→ **Available data**:
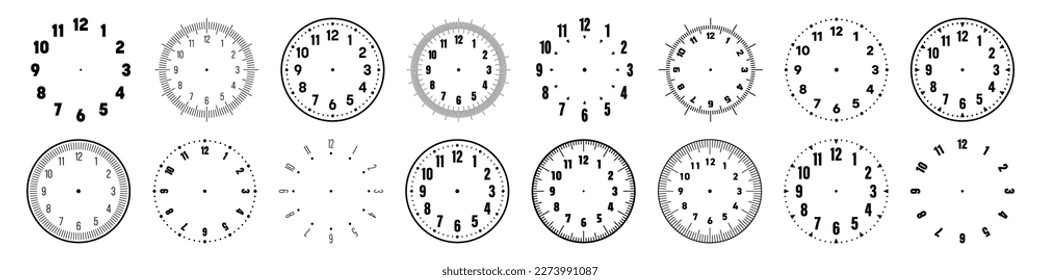 Caras mecánicas de reloj con números árabes, bisel. Marcado de observación con marcas de minuto, hora y números. Elemento Timer o stopwatch. Escala de círculo de medida en blanco con divisiones. Ilustración del vector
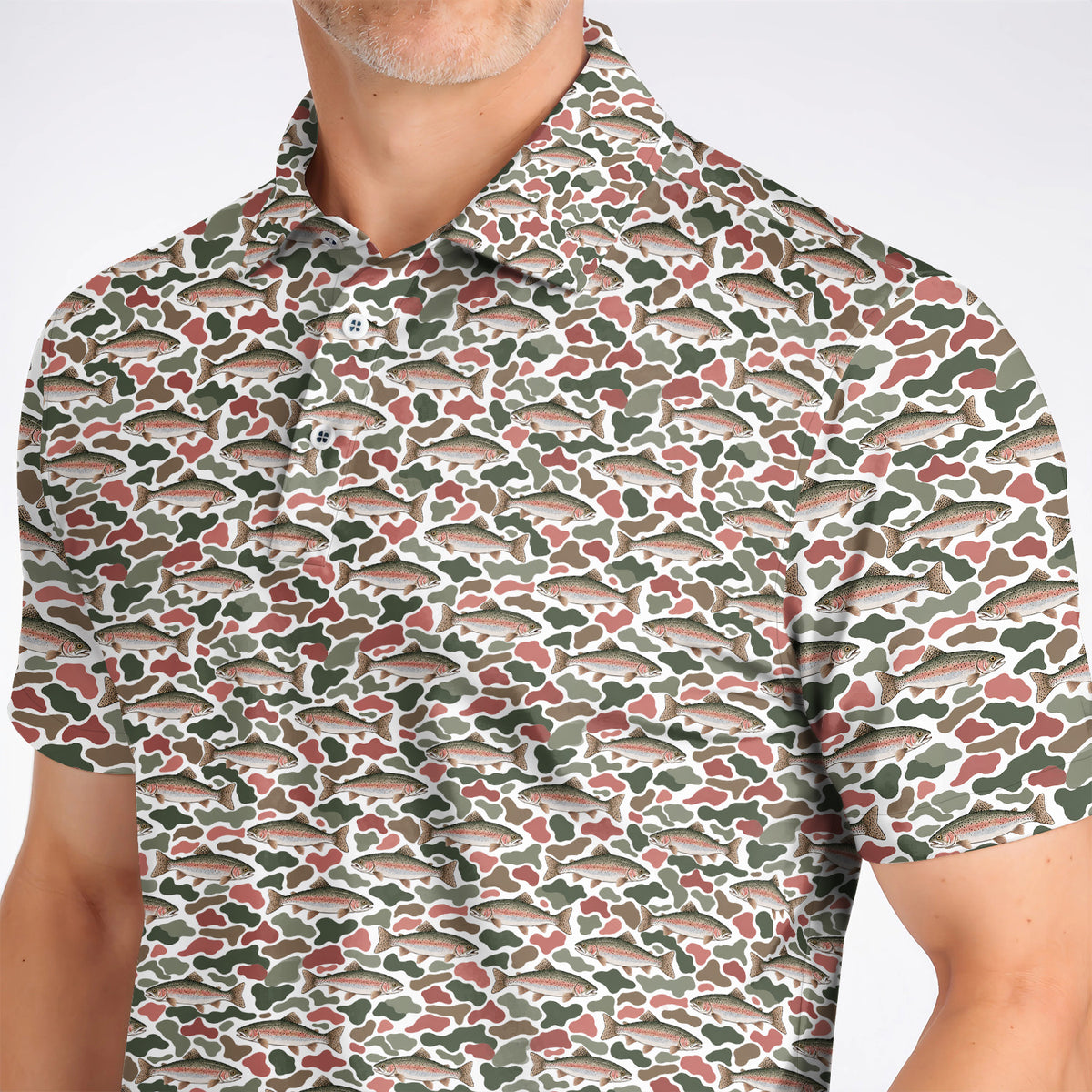 Rainbow Trout Camo Golf Shirt, Trout Fishing Camouflage Pattern Golf Polos, Crazy Golf Gift For Golfer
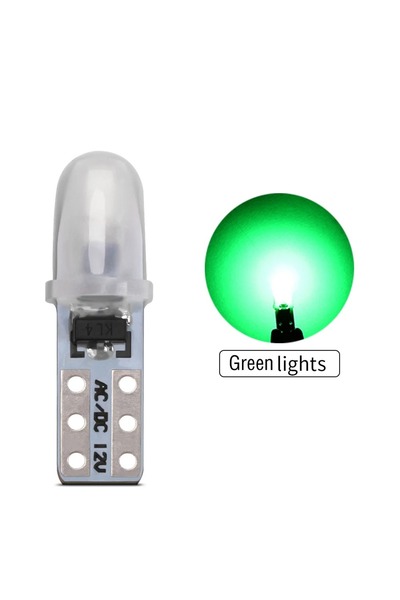 Choice6 مصباح لوحة القيادة للسيارة T5 أخضر اللون، 10 قطع، مصباح مؤشر LED على ...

→ **Try it**:
Restrict the output to the lines from the one with "Rainbow Trout Camo" through the last line of the material above. Print them exactly, leaving out every picture.

→ **Written solution**:
 Rainbow Trout Camo Golf Shirt, Trout Fishing Camouflage Pattern Golf Polos, Crazy Golf Gift For Golfer
 Choice6 مصباح لوحة القيادة للسيارة T5 أخضر اللون، 10 قطع، مصباح مؤشر LED على ...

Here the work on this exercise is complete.